Let’s concede the point that uncanny valleys like this exist.

In that case, all we have proven is that perfect unimpeded progress up the right side of the valley is better than attempted progress up the left side which is constantly dragged down by lingering rightists.

But this is totally comparing apples and oranges. The opposite of perfect unimpeded progress up the right side of the valley is perfect unimpeded progress up the left side of the valley. The opposite of attempted progress up the left side dragged down by lingering rightists is attempted progress up the right side dragged down by lingering leftists.

In other words, this argument only works because the Reactionaries are comparing our gritty reality to their beautiful thought experiment.

Like, it seems almost unfair to ask this. But how, exactly, are we going to get a perfectly secure despot with no fear whatsoever of rebellion when less than 1% of the population is currently in favor of such a despot? Even the old-timey kings, who lived in an era when monarchy was obviously the only possible government form and everyone believed that they ruled by divine right – even they got overthrown and beheaded every so often.

Moldbug mentions the possibility of a military of cryptographically secured weapon systems to which only the monarch has the password, but I don’t think even other reactionaries take him seriously on this one. Traditionally one of the better coup attempt methods is to curry favor among the palace guard, and this does absolutely nothing to prevent that. Another popular coup method is to be the military, which means the worst the monarch can do is shut down their fancy guns and then get clubbed to death with rifle-butts. Also, what happens when the monarch dies of a brain aneurysm and all of a sudden your entire military requires a 128-digit number which no one has? And mightn’t it be kind of embarrassing when Scott Aaronson builds a quantum computer that can factor prime numbers in polynomial time and then becomes the new god-emperor?

(and by “embarrassing”, I mean “awesome”)

I endorse the uncanny valley theory of the criminal justice system and (possibly) even of (some) war. It seems reasonable to push for them in the same way one pushes for other, normal political ideas like gun control or abortion. If enough people believe they’re correct, then the government will act on them and hopefully they will be good policies. If 51% of people start believing that corporal punishment of criminals is a good idea, we might well start having corporal punishment of prisoners.

But the uncanny valley of dictatorship works completely differently. If 51% of people support it, then we have an extraordinarily unstable dictatorship that does terribly, just like real dictatorships tend to do. Getting 100% of people to support it – in a country where we can’t even convince 50% of people that it’s a bad idea to keep making a penny that costs 2 cents to produce – seems like a high bar.

And if the goal is to just implement a dictatorship and then let the dictator kill all who oppose him – well, then we’ve left behind the uncanny valley idea and we’re right back in the traditional dictatorship that is a terrible place to live and which has given dictatorship its well-deserved bad reputation. “Well, we’ll be brutal for a little while, but then all the enemies will be gone and we can switch to niceness.” Sure. That worked for the Communists.

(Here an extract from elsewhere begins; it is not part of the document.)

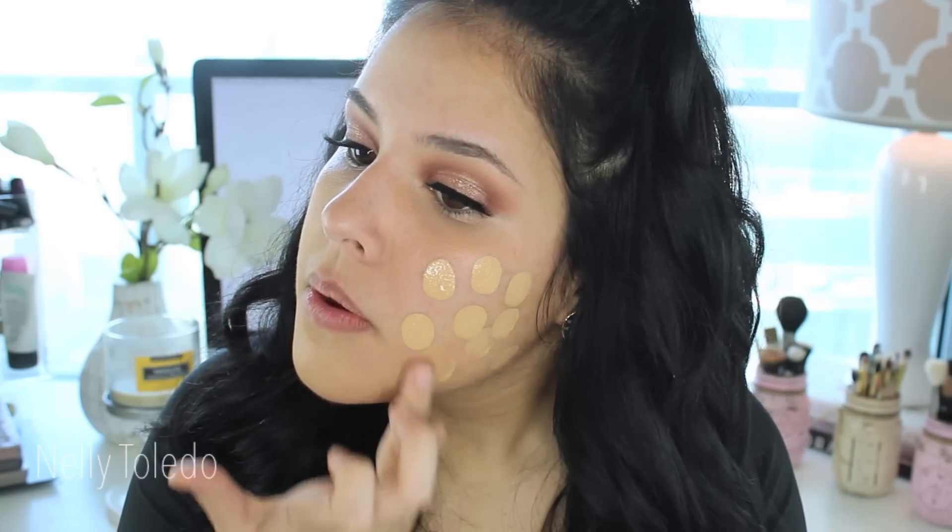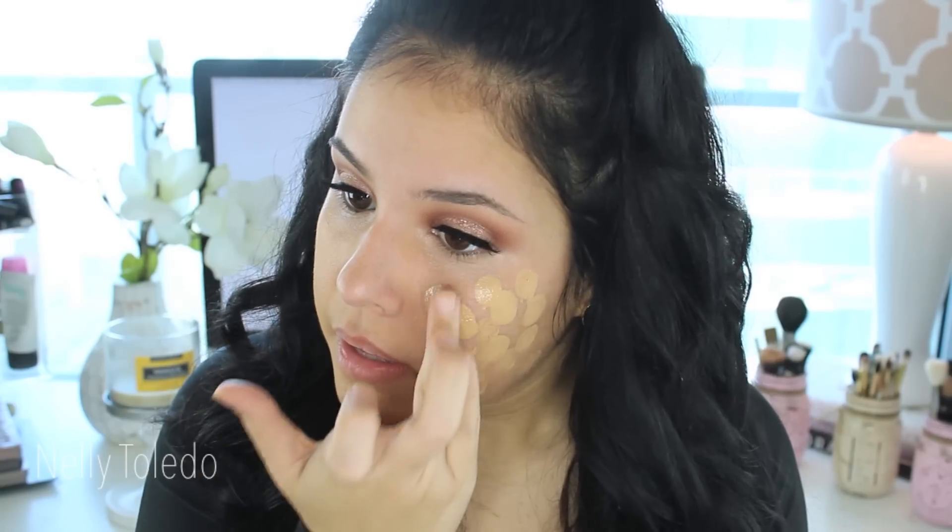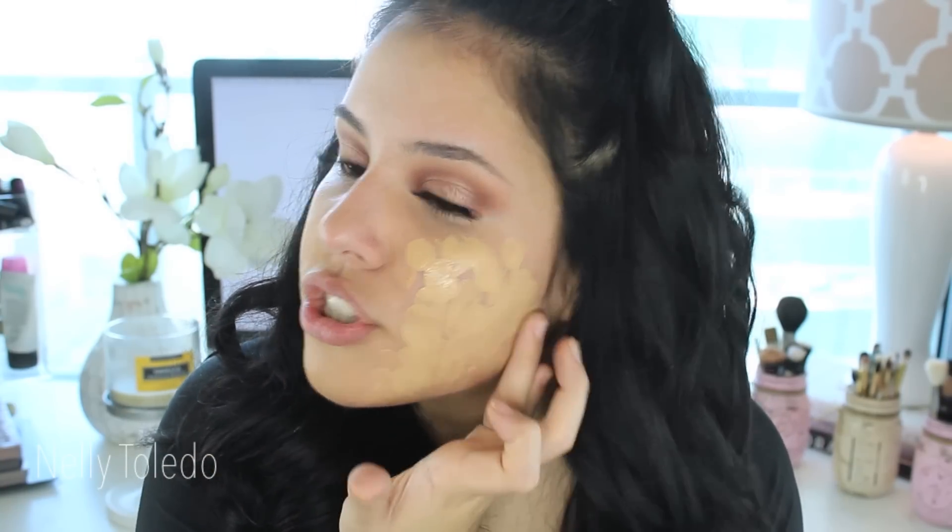The second way is to pump the foundation onto a surface and dot it all over the skin with my ring finger — this gives a more full coverage application. Even if it doesn't look like you're applying more product, you are. This side is more full coverage compared to the everyday-wear side. Once it's dotted all over, I go in with the beauty blender and blend it all out.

Actually, the Communists are a great example here, in that they had a great plan for how the world would be perfect once everyone agreed with them, and total absence of a plan for what to do about most of the world not agreeing with them.

I said in “We Wrestle Not…” that every age has a zeitgeist based on how to gain and keep power. The zeitgeist may or may not be pleasant, and there may be a lot of incentives to defy it. You can get away with doing so only if you have total control over your own country (so that no one can harness the zeitgeist to win internal struggles) and total control over the rest of the world (so that no foreign country can harness the zeitgeist to take you over).

The Communists got total control over a couple of countries, then realized (correctly, in my opinion) that if they went and formed a nice communal utopia they would be sitting ducks for the first capitalist superpower who wanted to invade. So they compromised with the zeitgeist and ended up being far more oppressive than the capitalists they railed against, all with the vague promise that in the future, they would overthrow the capitalists, control the entire world, and have the power to defy the zeitgeist. Maybe they even believed it.

But that never happened, and they just ended up killing hundreds of millions of people for no reason.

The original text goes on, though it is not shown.